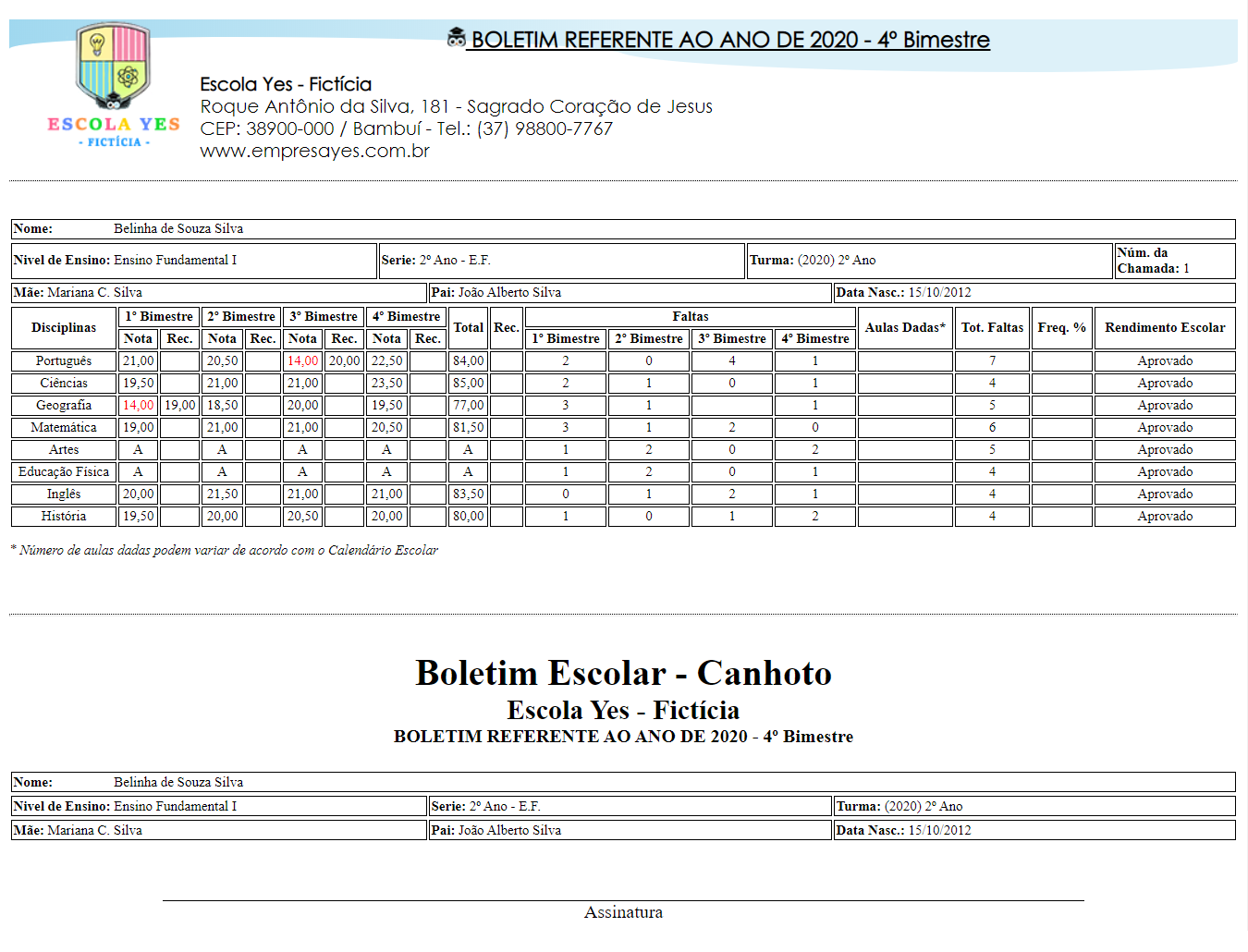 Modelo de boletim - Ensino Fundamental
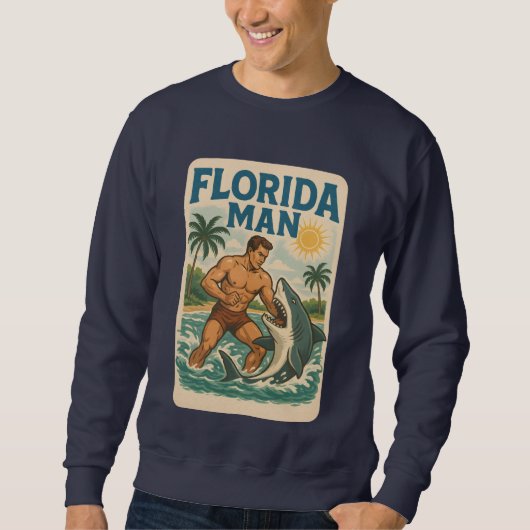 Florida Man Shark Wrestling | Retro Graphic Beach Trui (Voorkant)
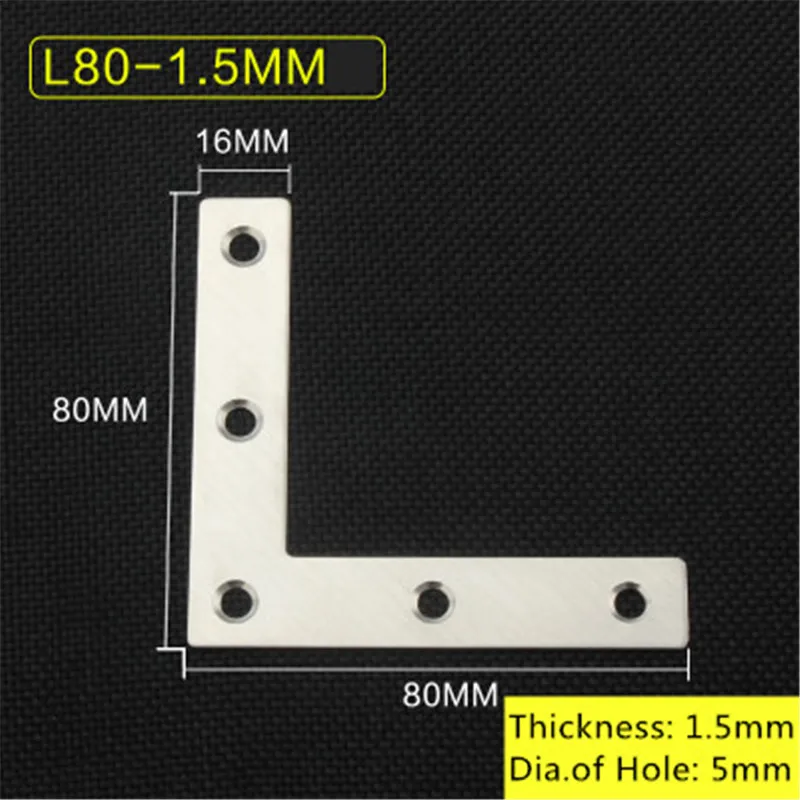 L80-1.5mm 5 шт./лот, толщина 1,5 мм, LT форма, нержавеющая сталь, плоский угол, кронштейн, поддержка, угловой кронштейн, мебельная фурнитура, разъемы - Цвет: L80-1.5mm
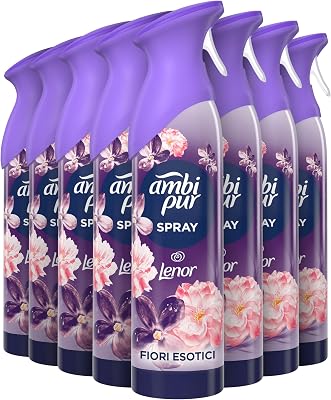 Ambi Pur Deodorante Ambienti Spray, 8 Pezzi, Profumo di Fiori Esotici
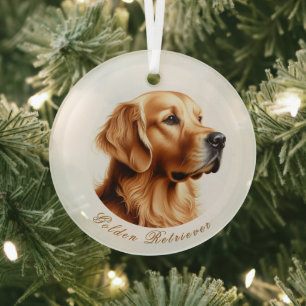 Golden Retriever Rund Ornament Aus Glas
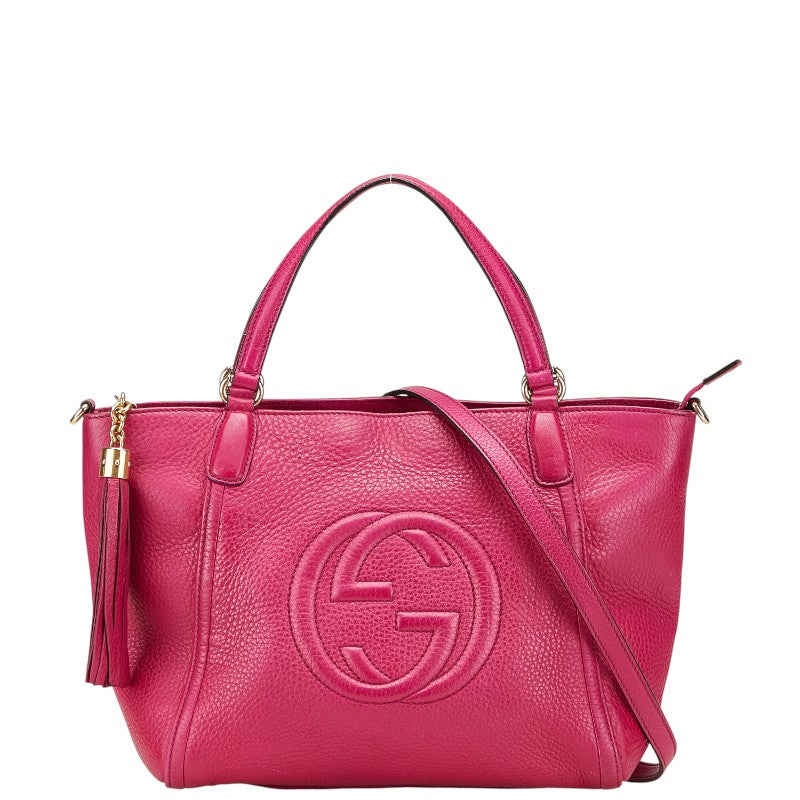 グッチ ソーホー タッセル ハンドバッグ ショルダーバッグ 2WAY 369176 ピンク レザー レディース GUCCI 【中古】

━━━━━━━━

Each record above should be duplicated word for word, with no pictures included.

REPLY TO THE TASK
 Modelo de boletim - Ensino Fundamental
 Florida Man Shark Wrestling | Retro Graphic Beach Trui (Voorkant)
 L80-1.5mm 5 шт./лот, толщина 1,5 мм, LT форма, нержавеющая сталь, плоский угол, кронштейн, поддержка, угловой кронштейн, мебельная фурнитура, разъемы - Цвет: L80-1.5mm
 Ambi Pur Deodorante Ambienti Spray, 8 Pezzi, Profumo di Fiori Esotici
 Golden Retriever Rund Ornament Aus Glas
 グッチ ソーホー タッセル ハンドバッグ ショルダーバッグ 2WAY 369176 ピンク レザー レディース GUCCI 【中古】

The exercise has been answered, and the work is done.